_ABOUT THIS TASK_: Starting with the line that contains "Image of POGO" and ending with the last line of the listing, print each line exactly. Pictures stay out.

_SUPPLIED MATERIAL_:
-=-=-=-=-

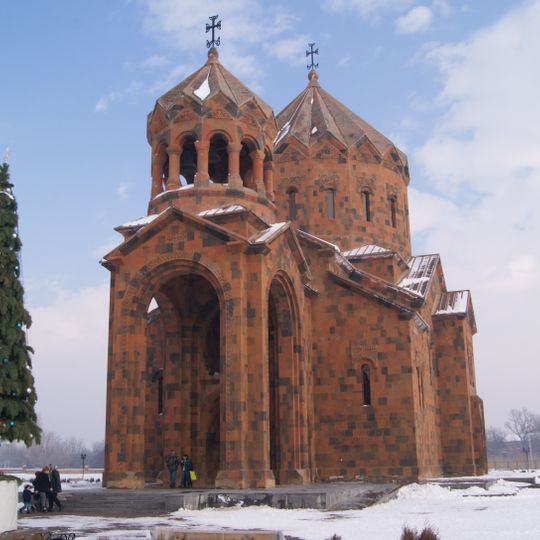 Surp Hovhannes Church of Artashat
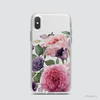 FLORAL - VIOLET MIX ROSES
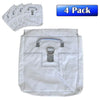 Image of POGO Sandboxes 4 Pack of White Sand Bags by POGO 754972307239 351-pogo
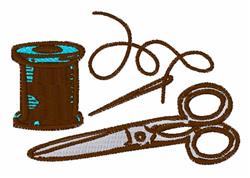 Tailor Tools - 4x4 tool beginner-friendly embroidery design for decorative pillow covers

-=-=-=-=-

_TASK ANSWER_:
 Image of POGO Sandboxes 4 Pack of White Sand Bags by POGO 754972307239 351-pogo
 Tailor Tools - 4x4 tool beginner-friendly embroidery design for decorative pillow covers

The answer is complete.